Monday, April 18, 2011

Predictive Analytics in Retail

When we look up a definition of Predictive analytics, we get that PA encompasses a variety of techniques from statistics, data mining and game theory that analyze current and historical facts to make predictions about future events.

For Business Intelligence we use predictive models to learn and exploit patterns found in historical and transactional data and identify risks and opportunities. These models capture relationships among many factors to allow assessment of risk or potential associated with a particular set of conditions, guiding decision making for candidate transactions.

Predictive analytics is used in actuarial science, financial services, insurance, telecommunications, retail, travel, healthcare, pharmaceuticals and other fields.  However, with recent market changes in the Real Estate on both commercial and residential areas we can use Predictive Analytics to help identify strategic retail location placement and target client specific geographical information.

Retail Location Selection & Market Potential through Predictive Analytics

Increased competition and shrinking profit margins in the retail industry have necessitated a demand for sophisticated predictive analytics. Organizations want to know what they can expect from a new or existing location over the long term, and what strategic investment is required to maintain a profitable market share.

Market Potential Analysis is used to forecast the potential sales for a location within a given trade area. The forecast is based on the analysis of critical information, such as historic purchasing behavior, current market conditions, local demographics, consumer expenditures and competitive activity.

Retail Predictive Analytics can deliver a clear picture of who the ideal customers are and can show where to find more just like them. Applying this technology help predict new opportunities, anticipate needs and proactively engage customers and prospects in winning CRM strategies that increase traffic, improve loyalty and drive sales.

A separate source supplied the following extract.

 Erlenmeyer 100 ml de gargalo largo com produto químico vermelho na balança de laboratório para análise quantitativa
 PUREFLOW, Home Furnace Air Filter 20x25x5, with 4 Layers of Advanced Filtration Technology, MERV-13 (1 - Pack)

Retail Predictive Analytics can determine:

 

  • Where to lease / buy property

 

  • What products to carry

 

  • What segments to target

 

  • How to position different brands in the marketplace

 

  • How a location will fare in the face of competitive threats

 

  • Which areas to target with offers / advertising

Applying Retail Predictive Analytics to comprehensive supply side data delivers valuable business intelligence retailers and location analysts can leverage to manage the business of capturing and holding profitable customers and ultimately growing market share.

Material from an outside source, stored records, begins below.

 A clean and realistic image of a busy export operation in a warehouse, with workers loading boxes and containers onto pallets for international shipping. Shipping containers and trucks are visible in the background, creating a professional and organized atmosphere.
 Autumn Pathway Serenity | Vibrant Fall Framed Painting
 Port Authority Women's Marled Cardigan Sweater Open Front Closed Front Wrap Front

Utilizing Retail Predictive Analytics, retailers can optimize location selection based on:

 

Cost

 

Revenue

 

Profitability

 

Market Share

Employing Retail Predictive Analytics Retailers can:

 

Analyze the profitability of existing locations and predict the success of new locations and marketing mix scenarios.

 

Build comprehensive customer segmentation systems for effective consumer targeting, marketing communications and branding.

 

Analyze competitive activity, cannibalization and distribution channels

 

Deliver data-driven demographic, expenditure and behavioral analytics to refine product mix and pricing strategies.

 

Profile markets to maximize the effectiveness of media purchases, direct-mail response and cooperative as well as internet strategies.

 

Deliver customer segments and profiles retail marketers can understand and quickly leverage.